Are you ready for more overused moves? This week’s overused move is the Shining Wizard. In modern wrestling, the Shining Wizard doesn’t get a lot of love, you might see it every now and then however, in the 2000s it was everywhere.
What Is The Shining Wizard?
This was the new move Keiji Mutoh—better known as The Great Muta—in the early 2000s. See, Mutoh would often finish matches with his Moonsault. However, after over a decade of doing it, it was time to at least put it on the back burner.
Now he needed a finisher that could get the job done and was had a good amount of razzle-dazzle to it. Enter the Shining Wizard. After managing to get his opponent to the mat, Mutoh would wait for them to get to one knee. While the opponent is still recovering, he would use one of their knees as a step before catching them with the knee.
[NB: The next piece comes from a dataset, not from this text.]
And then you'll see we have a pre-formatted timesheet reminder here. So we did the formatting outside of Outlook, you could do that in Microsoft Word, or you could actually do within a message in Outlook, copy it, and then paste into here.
At least, the original Shining Wizard was a knee smash. As he continued using it, he began performing it more and more smoothly to the point it became more of a knee-step-assisted kick to the head.
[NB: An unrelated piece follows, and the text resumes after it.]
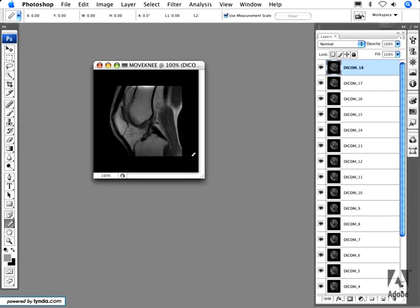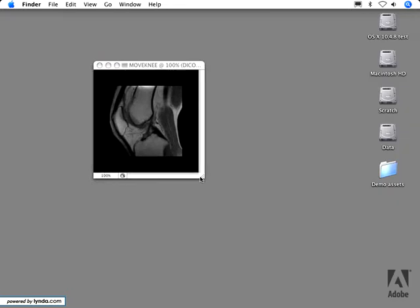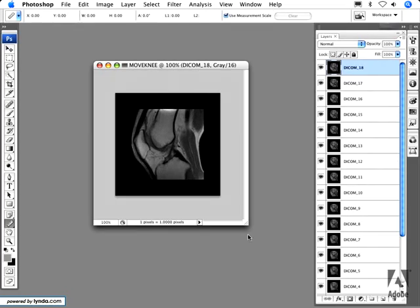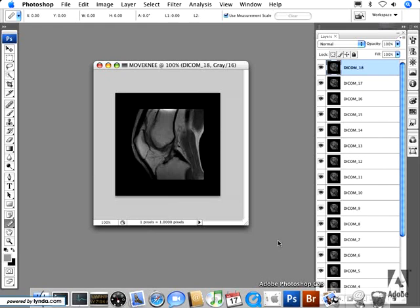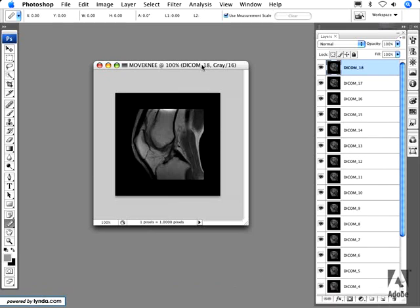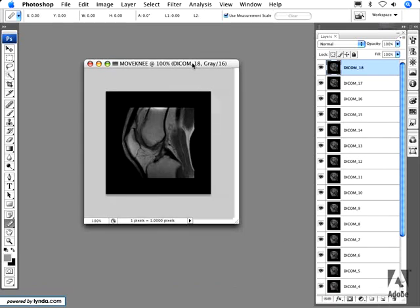You can also save out as DICOM. However, if you do certain things that are not able to be saved within the DICOM specification — such as creating an annotation on an image — Photoshop will ask you whether or not you want to discard this information in order to save within the DICOM specification.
It’s this polished version of the Shining Wizard that got around the U.S indies. It would also spawn variants. Some of the notable users of the move were The Hurricane, AJ Lee, Adam Cole, Homicide, Jimmy Rave, and Tegan Nox.
The Overuse
While these four—and a couple of others—used it as a finishing move or their backup finisher, on the indies it was often mixed in as another cool move in a match. Actually, this was right around the time that the first wave of American strong style started—which is another article for another week.
Think of it in the same vein as the Super Kick, another move that fell into overuse. Now imagine if there was no variant of the Super Kick at the time. Because with the Super Kick, you also had the thrust kick which Rikishi was doing while HBK was using Sweet Chin Music.
They’re pretty much the same move but HBK’s had the theatrics and was promoted as being stronger than a regular-ass thrust kick. The same with a clothesline vs. The Lariat.
What was different about the Shining Wizard was that it was simple in action but unique at the same time. No one else was blasting fools with a kick to the head after using their knee as a step.
Once those New Japan and All Japan tapes from the period made it over it was a done deal for the uniqueness of Keiji Mutoh’s Shining Wizard.